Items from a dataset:
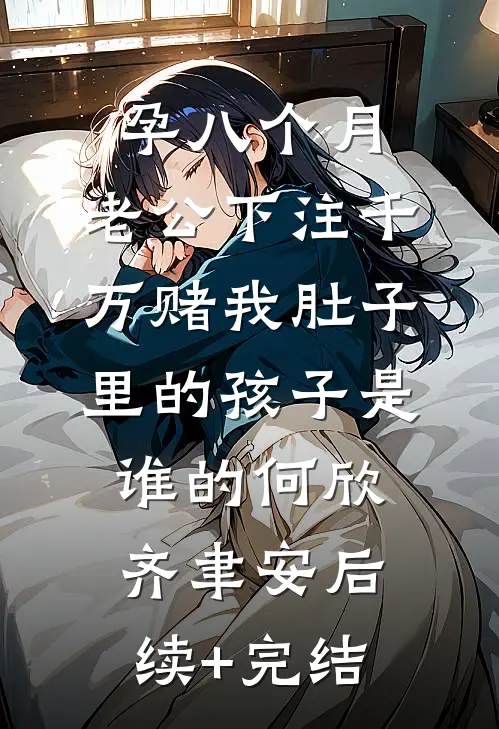 孕八个月，老公下注千万赌我肚子里的孩子是谁的何欣齐聿安后续+完结
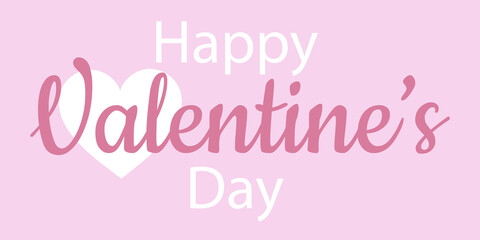 Banner with text: Happy Valentine's Day on a pink background. The heart is white. The text is white and pink. Can be used as a greeting card or poster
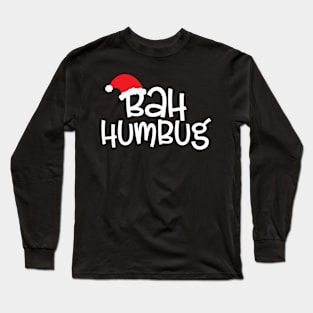 Bah Humbug Long Sleeve T-Shirt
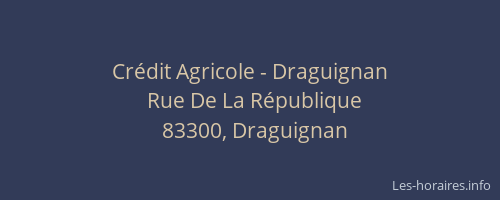 Crédit Agricole - Draguignan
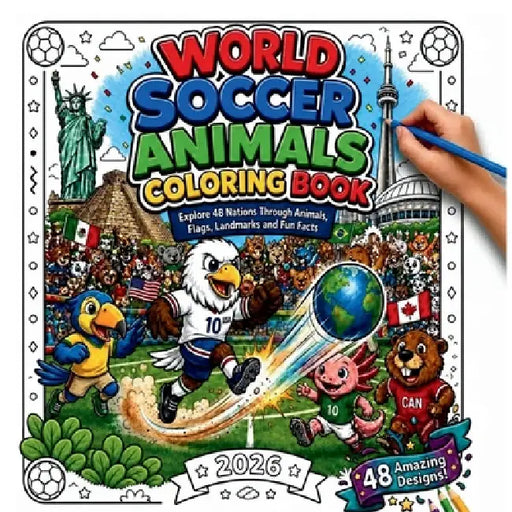 World Soccer Animals Coloring Book: Explore 48 Nations Through Animals, Flags, Landmarks and Fun Facts by Marco Mundi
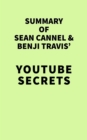 Image for Summary of Sean Cannel and Benji Travis&#39; YouTube Secrets
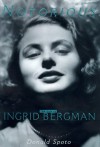 Notorious The Life Of Ingrid Bergman - Donald Spoto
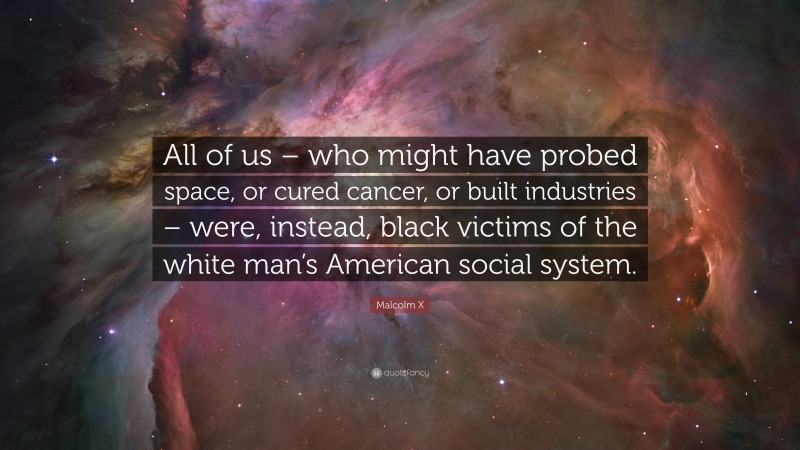 Malcolm X Quote: “All of us – who might have probed space, or cured cancer, or built industries – were, instead, black victims of the white man’s American social system.”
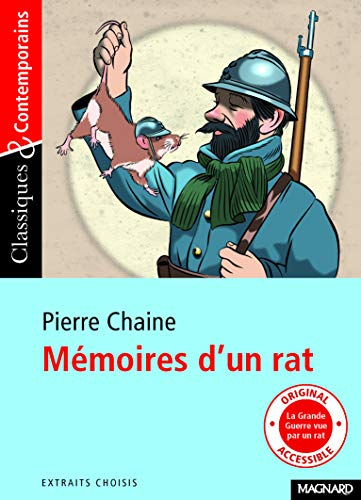Mémoires d'un rat [suivi de] Commentaires de Ferdinand, ancien rat des tranchées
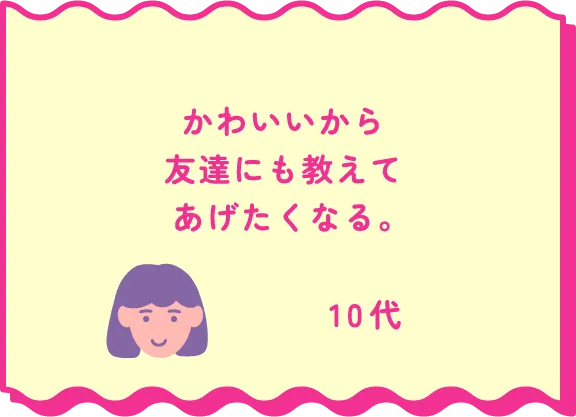 かわいいから 友達にも教えてあげたくなる。10代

Brief: Each record should be copied exactly, and each image left out.

Task output:
 孕八个月，老公下注千万赌我肚子里的孩子是谁的何欣齐聿安后续+完结
 Banner with text: Happy Valentine's Day on a pink background. The heart is white. The text is white and pink. Can be used as a greeting card or poster
 Bah Humbug Long Sleeve T-Shirt
 Crédit Agricole - Draguignan
 World Soccer Animals Coloring Book: Explore 48 Nations Through Animals, Flags, Landmarks and Fun Facts by Marco Mundi
 Image for Summary of Sean Cannel and Benji Travis&#39; YouTube Secrets
 Notorious The Life Of Ingrid Bergman - Donald Spoto
 Malcolm X Quote: “All of us – who might have probed space, or cured cancer, or built industries – were, instead, black victims of the white man’s American social system.”
Mémoires d'un rat [suivi de] Commentaires de Ferdinand, ancien rat des tranchées
 かわいいから 友達にも教えてあげたくなる。10代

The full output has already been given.